Balanced complexes have been shown to play a key role in the reduction of large-scale metabolic networks [see12 and references therein]. They shall be viewed as intrinsic properties of the network that shed light on its steady state characteristics regardless of the underlying kinetics governing the conversion of species. The nonstoichiometric BCs have an additional interesting facet to themselves: They carry extra information about the network structure, which is not contained in the steady state Eq. (3) or in the linkage closedness condition \({\mathbf{U}}^{\text{T}}\mathbf{A}\mathbf{v}=0\), but emerges as a joint product of the stoichiometry, graphical structure, and flux constraints.

In what follows, we introduce transformations on a given reaction network \(G\), which encodes these extra pieces of information into the steady state equation of a modified network \({G}^{*}\), which has the same graphical but a different algebraic structure.
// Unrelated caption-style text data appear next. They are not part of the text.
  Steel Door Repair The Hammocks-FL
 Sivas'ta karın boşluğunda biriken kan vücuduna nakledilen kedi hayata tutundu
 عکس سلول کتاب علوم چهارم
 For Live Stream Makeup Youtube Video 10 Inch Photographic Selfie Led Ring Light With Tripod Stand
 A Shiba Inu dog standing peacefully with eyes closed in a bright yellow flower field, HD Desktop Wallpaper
This will enable us to exploit \({G}^{*}\) to make observations about steady-state characteristics of the original CRN \(G\). Even though only nonstoichiometric BCs carry extra pieces of information to encode, we shall next begin by introducing these transformations in the more general case, i.e. for any arbitrary BC \({C}_{b}\in \mathcal{C}\).
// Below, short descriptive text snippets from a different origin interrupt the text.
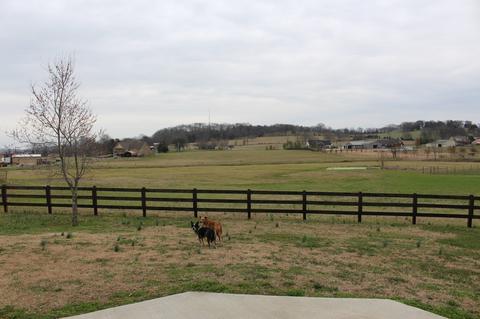 137 Eaglecrest Dr, Eagleville, TN 37060 photo 26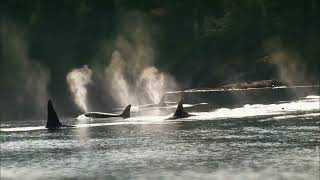 Blackfish Official Trailer 1 2013 Documentary Movie HD [upl. by Aita]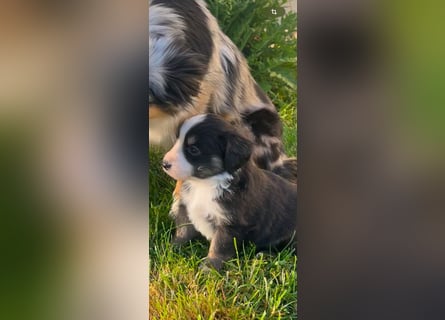 Miniature Australian Shepherd Welpen m. Papieren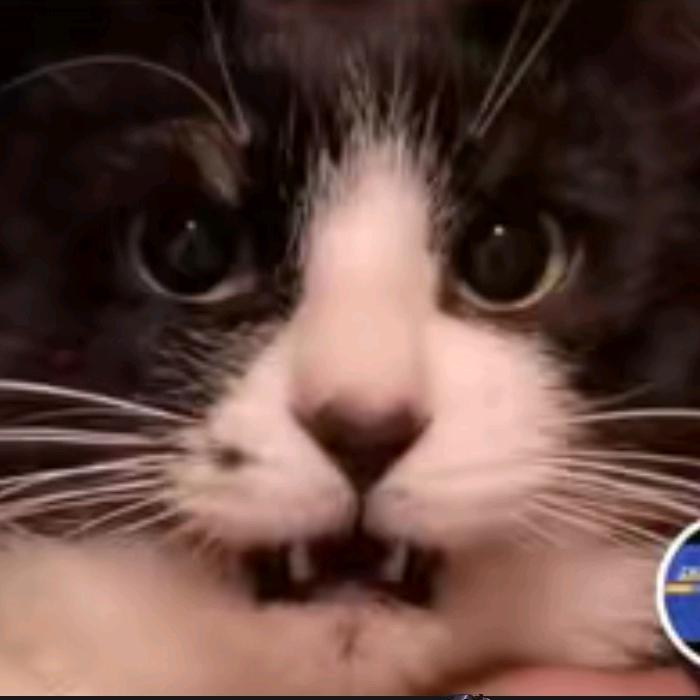Meme猫猫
Insertion of phantom species

Let \(G\) be a CRN and \({C}_{b}\in \mathcal{B}(G)\) be any balanced complex in \(G\), i.e. \({{\mathbf{e}}_{b}}^{\text{T}}\mathbf{A}\mathbf{v}=0, \forall \mathbf{v}\in \mathcal{F}\left(G\right)\). Suppose we ‘amend’\(G\) by inserting one molecule of some phantom species \(\sigma\) into complex \({C}_{b}\). This yields the modified network \({G}^{*}=({\mathcal{S}}^{*},{\mathcal{C}}^{*},{\mathcal{R}}^{*})\), where \({\mathcal{S}}^{*}=\mathcal{S}\cup \left\{\sigma \right\} , {\mathcal{C}}^{*}=\left\{{\mathbf{y}}_{b}\oplus \sigma \right\}\cup \mathcal{C}\setminus \left\{{\mathbf{y}}_{b}\right\} , {\mathcal{R}}^{*}=\mathcal{R}\). Accordingly, the stoichiometric map and incidence matrix for \({G}^{*}\) are given by

$${\mathbf{Y}}^{*}=\left[\begin{array}{c}\mathbf{Y}\\ {{\mathbf{e}}_{b}}^{\text{T}}\end{array}\right] , {\mathbf{A}}^{\mathbf{*}}=\mathbf{A} .$$

We refer to this transformation as injection of vector \({\mathbf{e}}_{b}\) into network \(G\). As this procedure is only applied to some balanced complex \({C}_{b}\) and it involves insertion of some new species (not already in the network), the following result is trivially obtained.

Lemma 5.1

Let \(G\) be a network,\({C}_{b}\in \mathcal{B}\left(G\right)\) and \({G}^{*}\) the modified network obtained by injection of \({\mathbf{e}}_{b}\) into \(G\). Then \(G\) and \({G}^{*}\) have identical steady state flux distributions, that is, \(\mathcal{F}\left(G\right)=\mathcal{F}\left({G}^{*}\right)\). In particular, any balanced complex of one is a balanced complex of the other, \(\mathcal{B}={\mathcal{B}}^{*}\). Moreover, we have the inclusion \({\mathcal{B}}_{2}\subseteq {\mathcal{B}}_{2}^{*}\), which turns to a strict inclusion, if \({C}_{b}\in \mathcal{B}\setminus {\mathcal{B}}_{2}\).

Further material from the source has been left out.